The presence of clouds lowers climate sensitivity in the MPI-ESM1.2 climate model

Andrea Mosso, Thomas Hocking, and Thorsten Mauritsen

Atmos. Chem. Phys., 24, 12793–12806, https://doi.org/10.5194/acp-24-12793-2024,https://doi.org/10.5194/acp-24-12793-2024, 2024

Short summary

Andrea Mosso, Thomas Hocking, and Thorsten Mauritsen

Interactive discussion

Status: closed

RC1: 'Comment on egusphere-2024-618', Anonymous Referee #1, 18 Apr 2024

Dear editor and authors, please find attached my review comments. I look forward to reading the revised manuscript!

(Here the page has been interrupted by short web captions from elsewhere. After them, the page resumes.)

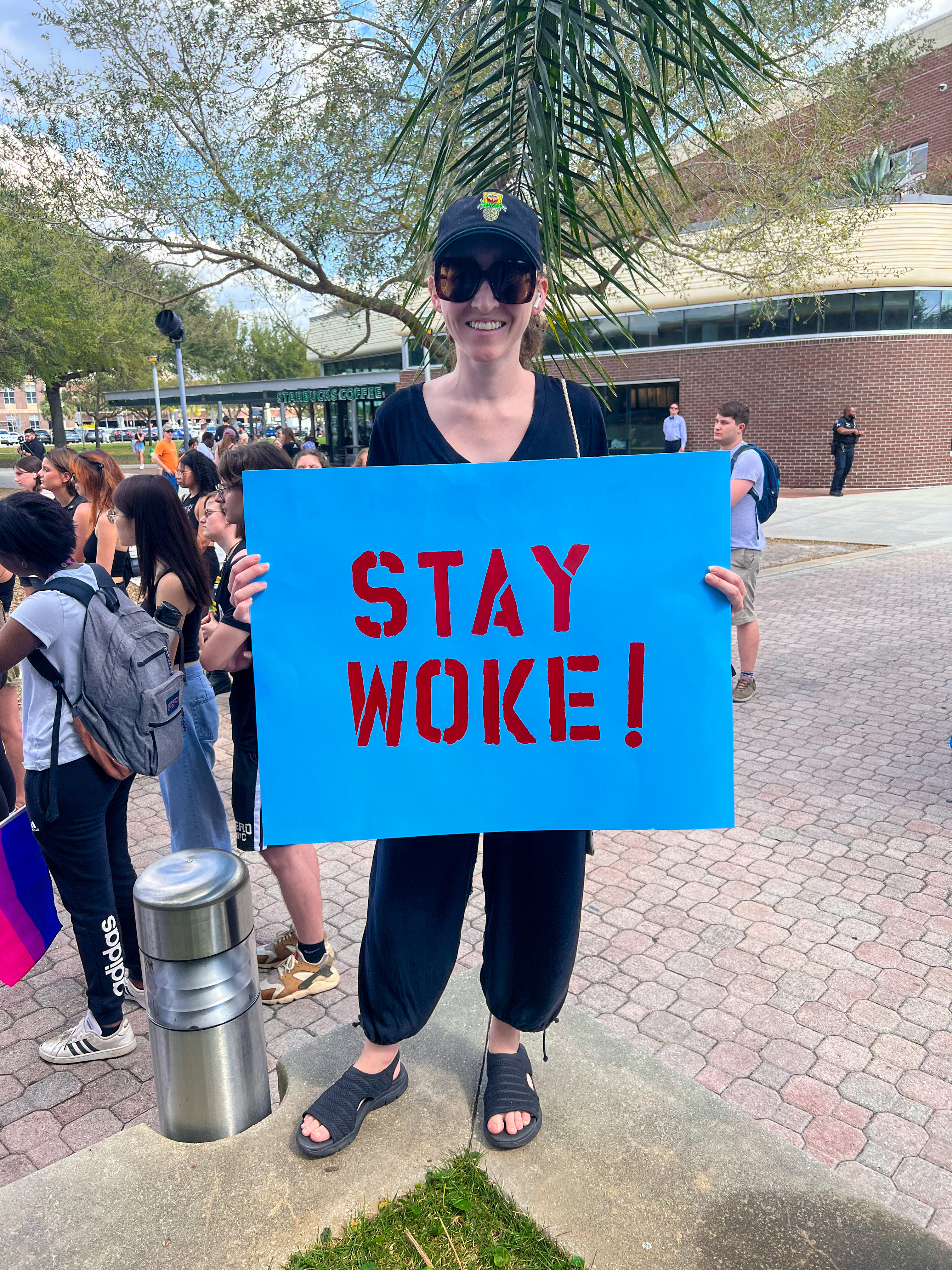 woman protester holding sign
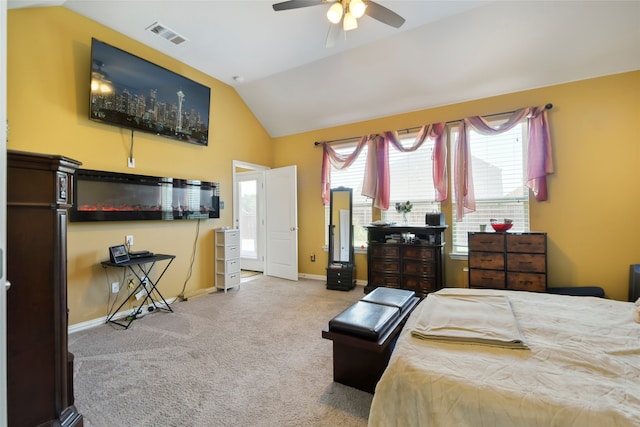 bedroom with vaulted ceiling, light colored carpet, and ceiling fan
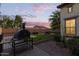 Backyard with outdoor kitchen, pizza oven, manicured landscaping, and views for relaxation at 20689 W Valley View Dr, Buckeye, AZ 85396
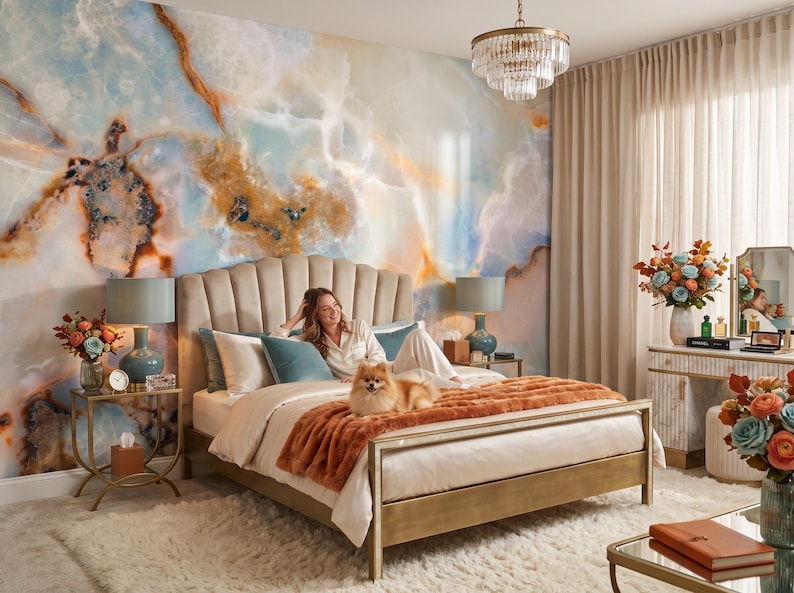 May include: A bedroom featuring a scalloped beige upholstered bed frame with a plush orange throw blanket, set against a large-scale wall mural with blue, white, and amber marble patterns, complemented by a crystal chandelier and two bedside lamps.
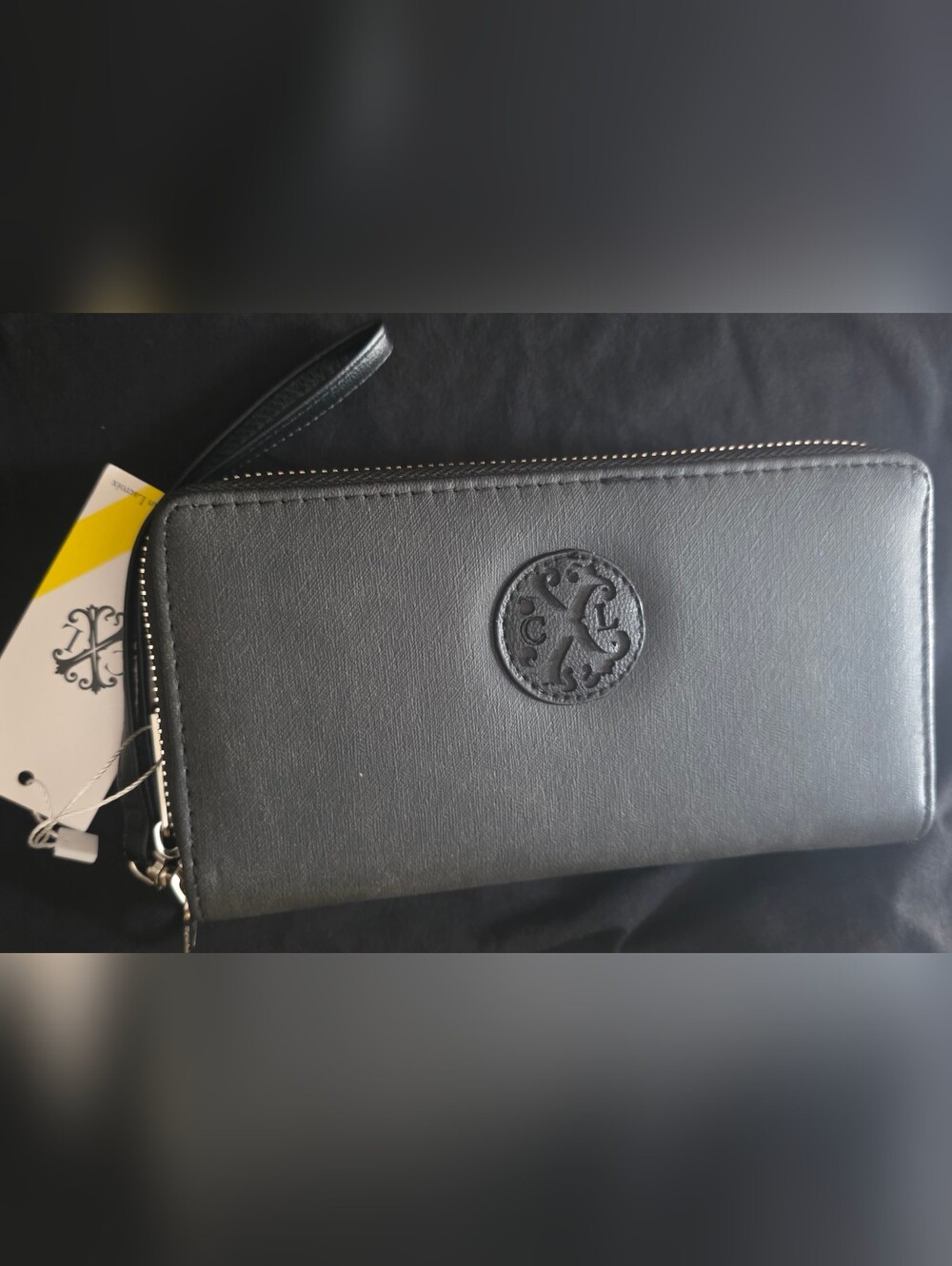 Christian Lacroix Black Zip-Around Wristlet Wallet with Embossed Round Emblem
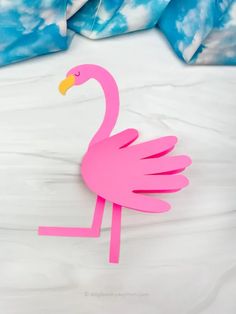 a pink paper flamingo sitting on top of a bed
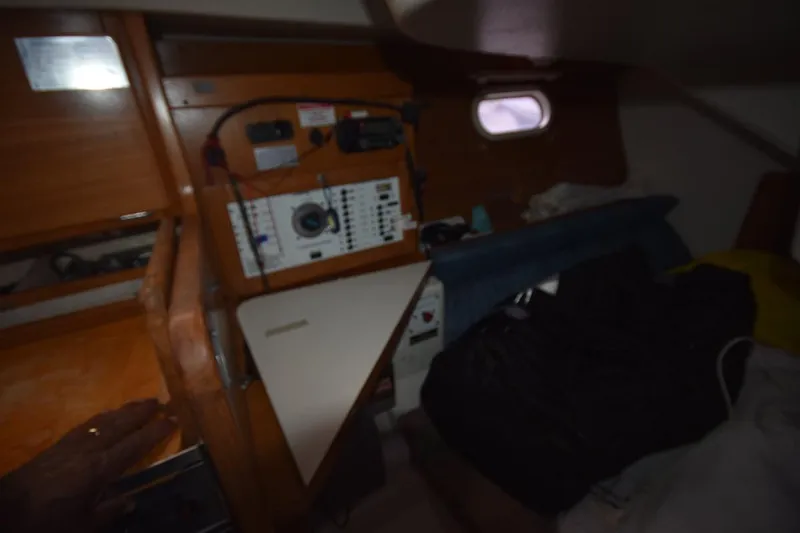 Slide: The Image of Interior of a 2001 Catalina 310 sailboat with navigation equipment and wooden cabinetry. - 61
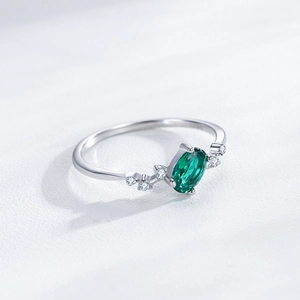 Elegante anello in argento 925 con smeraldo ovale e accenti di diamanti laterali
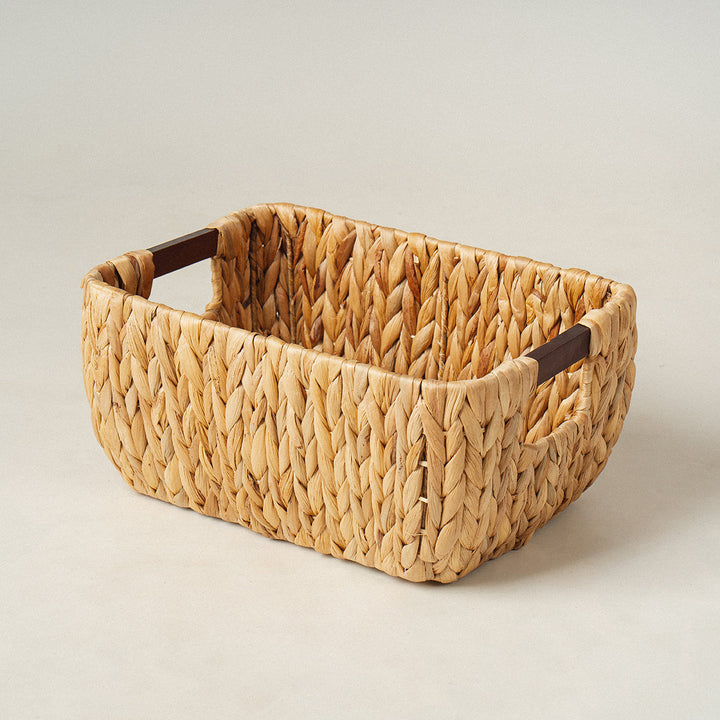 A slide look at a rectangle arrow water hyacinth wicker storage basket with wooden handles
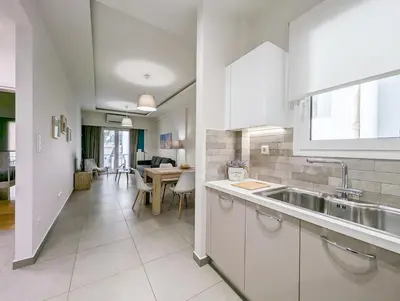 a kitchen with white cabinets and a sink and a table at Modern&Stylish 1BD apt next metro and Acropolis in Athens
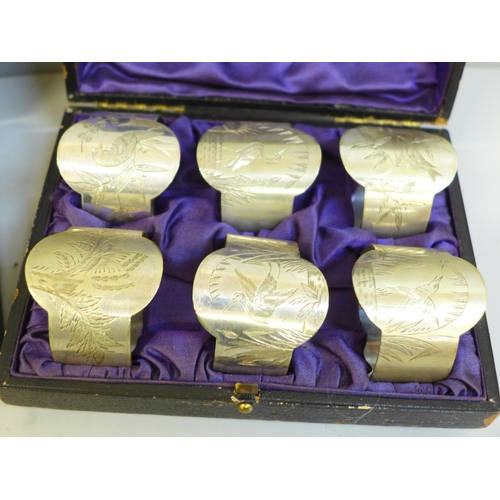 661 - Two sets of six napkin rings, boxed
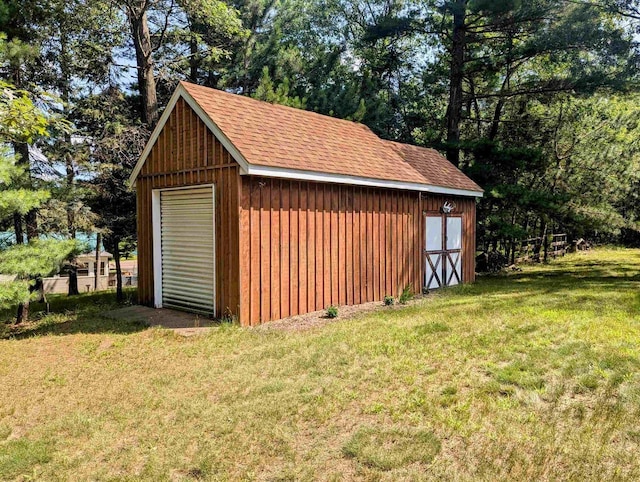 view of outdoor structure with a garage and a lawn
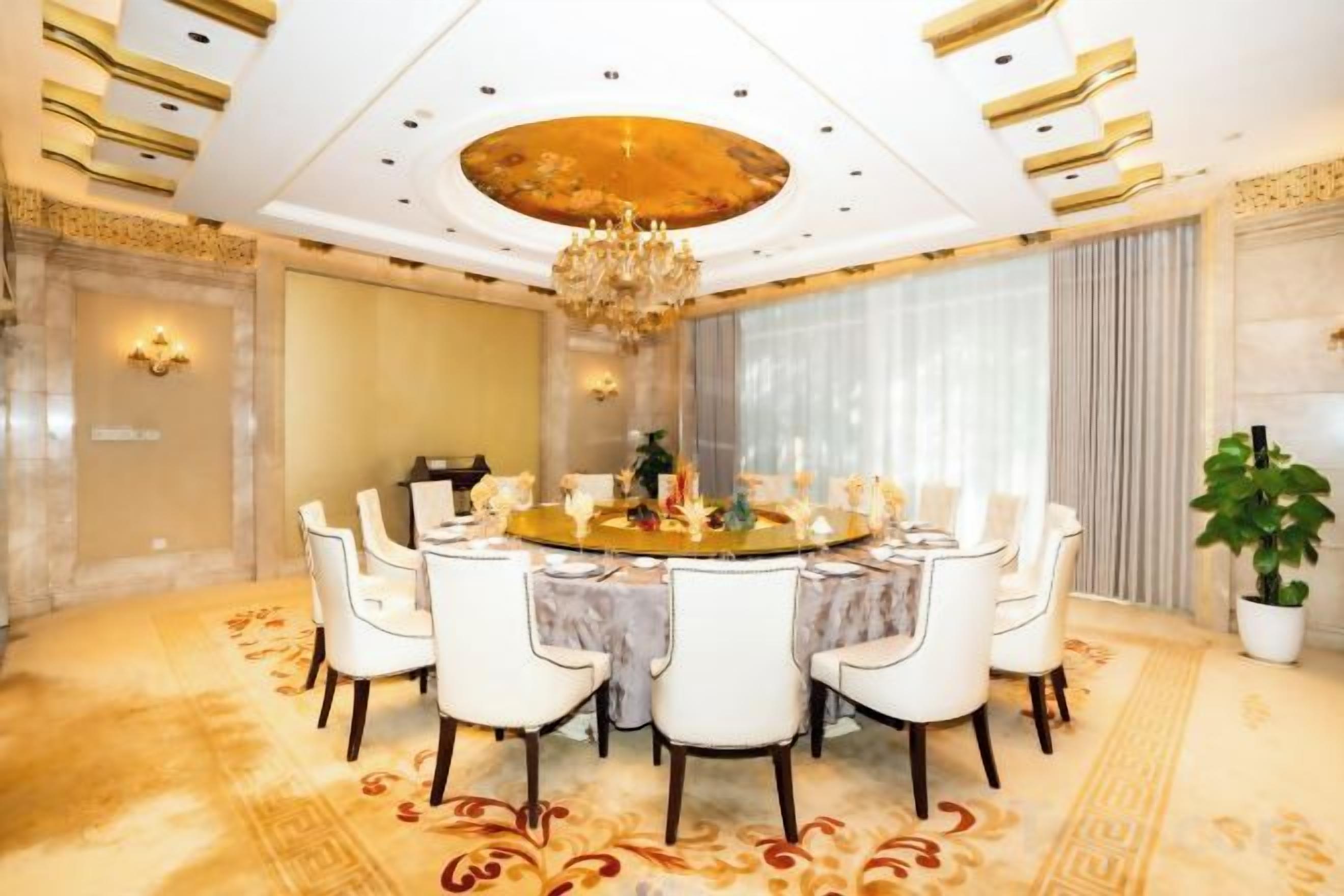 A formal dining room with a round table, white chairs, and a chandelier.
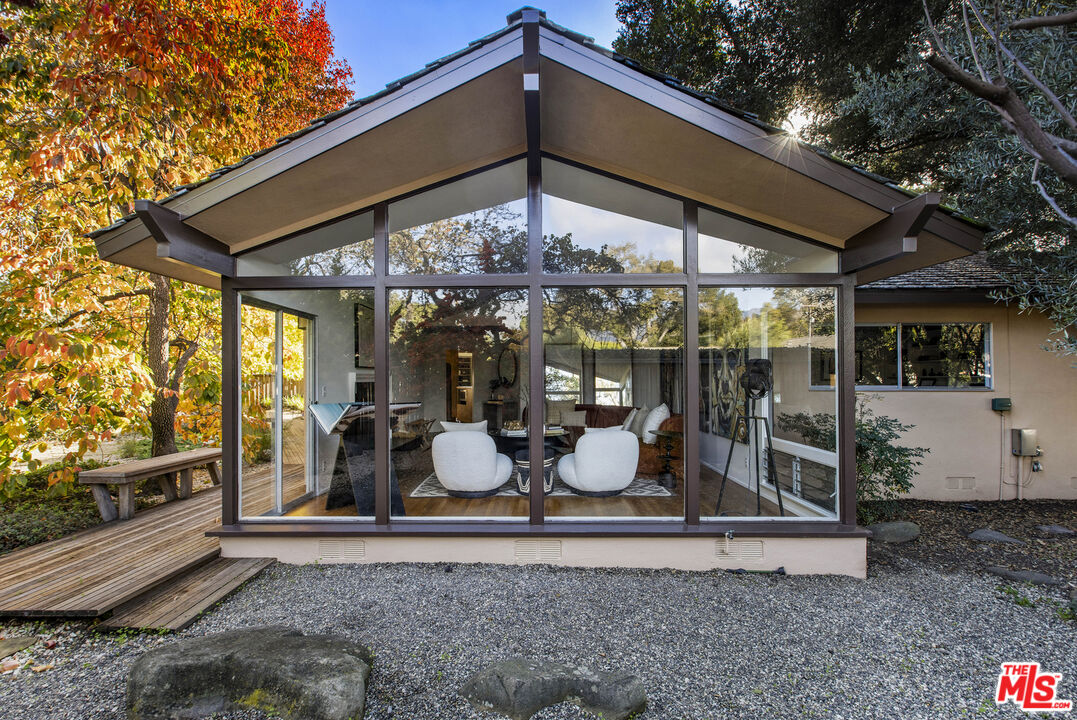 921 North San Marcos Road Santa Barbara, CA 93111 - Photo 1 of 44 a table and chairs in front of a house
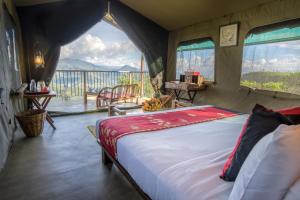 a bedroom with a bed with a view of the water at Madulkelle Tea and Eco Lodge in Kandy
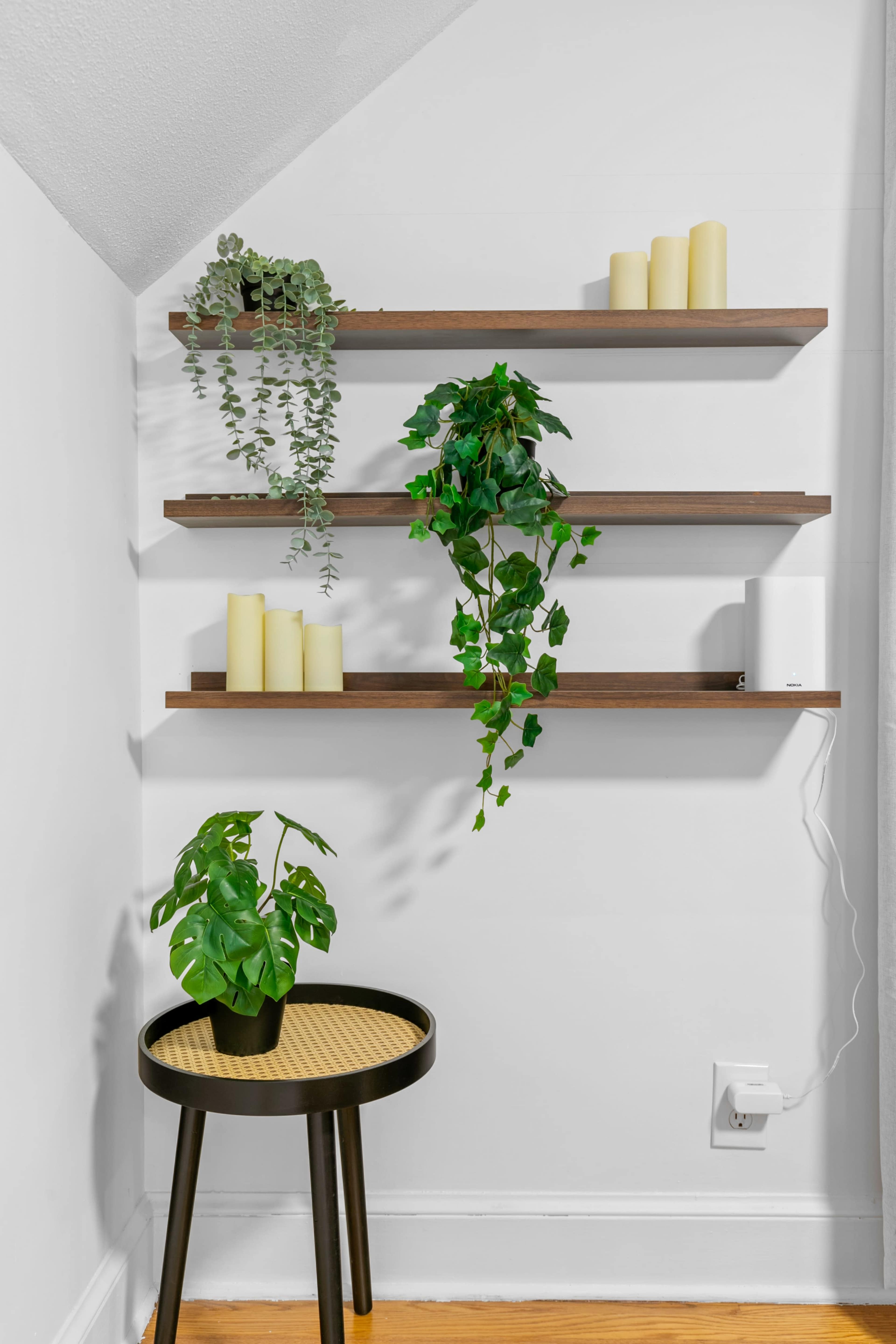 A corner of a room features three wooden shelves adorned with potted plants and candles, alongside a small round table holding a plant.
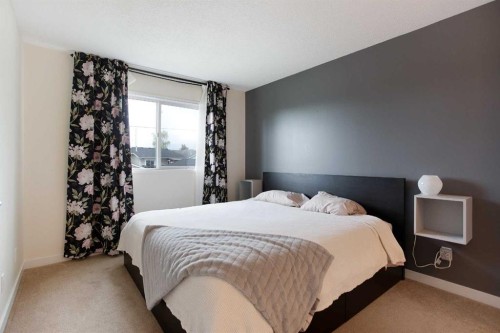 2420 Riverstone Road Se, Calgary, AB - Indoor Photo Showing Bedroom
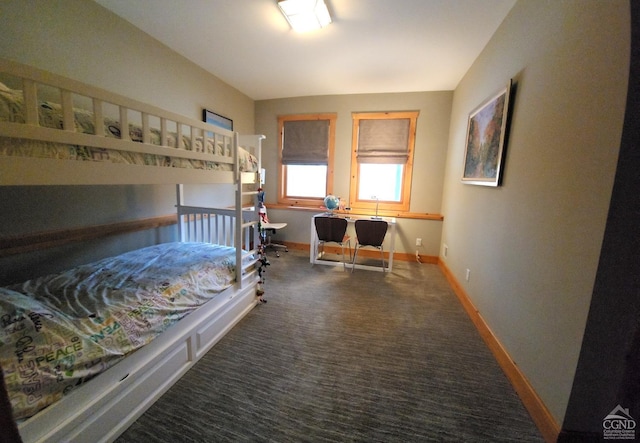 bedroom featuring dark colored carpet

Citation: https://doi.org/10.5194/egusphere-2024-618-RC1
RC2:
'Comment on egusphere-2024-618', Anonymous Referee #2, 19 Apr 2024
Publisher’s note: a supplement was added to this comment on 22 April 2024.

Review Mosso et al 2024
This study examined the role of cloud radiative feedbacks by comparing full-sky and clear-sky conditions using two methods. The first method diagnosed the feedback from the difference between full-sky and clear-sky fluxes in the full-sky experiment. The second method involved two experiments: one where the radiative effects of clouds were visible and another where they were transparent.
The authors found discrepancies between the suggested impacts from these two approaches. The diagnosed estimate suggested that clear-sky conditions have more negative feedback, while the experiments indicated that clear-sky conditions have a less negative feedback. The less negative feedback is attributed to the absence of the stabilizing role of clouds.
This study presents a compelling experiment along with intriguing findings. The aim is particularly noteworthy; to quantify the difference in impacts between the immediate impact by removing the clouds, without allowing the system to adjust to this change as in the clear-sky simulation are representative of the masking effect of clouds, and the impacts which are attributable to both simple masking and the feedback mechanisms alteration by global circulation response to cloud transparency.
While the experiment and the result are worth publishing, I have a question regarding the experimental setup designed for this study, specifically aimed at elucidating the role of clouds in radiative feedback.
The solar insolation is decreased to approximate the control climate to preindustrial conditions. However, there is an asymmetrical treatment regarding the transparency of shortwave and longwave radiation. While the reduced solar insolation implicitly accounts for the preindustrial radiative effect of clouds on net shortwave radiation (i.e., incoming minus outgoing), the radiative effect of clouds on longwave radiation is not considered. This experimental setup may influence feedback mechanisms due to differences in the mean state of the control climate.
The greater extent of Southern Ocean sea ice observed in the control experiment, compared to the clear-sky experiment, may be attributed to the enhanced cooling of the sea surface due to reduced downward longwave radiation with transparent clouds in the longwave spectrum. This aspect warrants discussion. For instance, have you conducted a comparative analysis of the budget terms over the sea ice regions between the two experiments?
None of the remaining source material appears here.